§ **LISTED RECORDS**:
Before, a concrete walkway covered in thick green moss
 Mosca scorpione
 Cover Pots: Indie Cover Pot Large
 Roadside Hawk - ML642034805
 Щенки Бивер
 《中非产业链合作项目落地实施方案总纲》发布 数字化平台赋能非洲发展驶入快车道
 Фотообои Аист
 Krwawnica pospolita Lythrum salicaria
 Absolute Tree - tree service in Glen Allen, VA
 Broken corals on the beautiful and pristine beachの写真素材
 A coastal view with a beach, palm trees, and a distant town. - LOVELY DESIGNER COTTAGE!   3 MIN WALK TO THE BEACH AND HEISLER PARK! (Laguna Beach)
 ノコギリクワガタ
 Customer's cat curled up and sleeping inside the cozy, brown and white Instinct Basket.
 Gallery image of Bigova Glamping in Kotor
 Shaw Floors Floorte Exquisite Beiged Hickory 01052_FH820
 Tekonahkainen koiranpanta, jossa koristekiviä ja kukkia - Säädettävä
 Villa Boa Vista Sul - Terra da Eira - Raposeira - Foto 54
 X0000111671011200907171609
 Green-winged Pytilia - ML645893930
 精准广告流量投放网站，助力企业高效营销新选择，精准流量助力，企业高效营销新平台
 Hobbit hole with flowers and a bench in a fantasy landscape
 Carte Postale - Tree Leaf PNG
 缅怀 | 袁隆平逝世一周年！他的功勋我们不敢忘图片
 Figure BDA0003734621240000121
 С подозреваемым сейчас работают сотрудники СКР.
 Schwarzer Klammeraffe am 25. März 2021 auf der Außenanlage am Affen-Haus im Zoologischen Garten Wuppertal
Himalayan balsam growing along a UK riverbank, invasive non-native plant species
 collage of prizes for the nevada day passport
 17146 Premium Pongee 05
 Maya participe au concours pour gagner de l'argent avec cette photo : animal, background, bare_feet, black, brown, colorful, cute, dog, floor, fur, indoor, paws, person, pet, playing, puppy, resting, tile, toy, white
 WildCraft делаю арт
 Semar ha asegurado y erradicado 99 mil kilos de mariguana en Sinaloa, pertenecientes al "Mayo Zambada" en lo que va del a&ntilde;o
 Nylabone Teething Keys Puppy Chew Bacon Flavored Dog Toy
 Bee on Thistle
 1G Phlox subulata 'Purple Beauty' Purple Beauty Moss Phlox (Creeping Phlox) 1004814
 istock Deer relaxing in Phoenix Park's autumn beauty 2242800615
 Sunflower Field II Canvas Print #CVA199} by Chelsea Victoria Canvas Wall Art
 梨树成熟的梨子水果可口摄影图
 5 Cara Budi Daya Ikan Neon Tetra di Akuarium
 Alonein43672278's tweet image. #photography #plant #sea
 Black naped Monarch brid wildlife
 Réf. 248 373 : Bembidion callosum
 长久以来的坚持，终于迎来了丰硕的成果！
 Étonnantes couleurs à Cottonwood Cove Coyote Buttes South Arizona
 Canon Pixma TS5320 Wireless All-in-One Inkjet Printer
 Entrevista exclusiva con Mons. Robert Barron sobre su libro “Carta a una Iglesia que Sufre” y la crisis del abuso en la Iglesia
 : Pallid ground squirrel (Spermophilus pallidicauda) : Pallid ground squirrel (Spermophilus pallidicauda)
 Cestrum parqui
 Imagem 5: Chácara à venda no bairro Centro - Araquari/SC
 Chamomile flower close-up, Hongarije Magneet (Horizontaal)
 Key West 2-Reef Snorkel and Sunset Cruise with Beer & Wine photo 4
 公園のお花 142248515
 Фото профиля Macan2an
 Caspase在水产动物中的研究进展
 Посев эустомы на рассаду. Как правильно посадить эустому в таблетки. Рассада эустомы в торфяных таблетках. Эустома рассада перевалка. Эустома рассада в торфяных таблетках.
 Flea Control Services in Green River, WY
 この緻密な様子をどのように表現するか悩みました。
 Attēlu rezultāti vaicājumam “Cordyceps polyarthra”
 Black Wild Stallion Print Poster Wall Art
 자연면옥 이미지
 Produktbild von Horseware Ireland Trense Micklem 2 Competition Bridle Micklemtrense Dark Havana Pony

§ **PROBLEM TO WORK ON**: Return every line from the entries above that includes the word "plant".

§ **OUTPUT**:
Himalayan balsam growing along a UK riverbank, invasive non-native plant species
 Alonein43672278's tweet image. #photography #plant #sea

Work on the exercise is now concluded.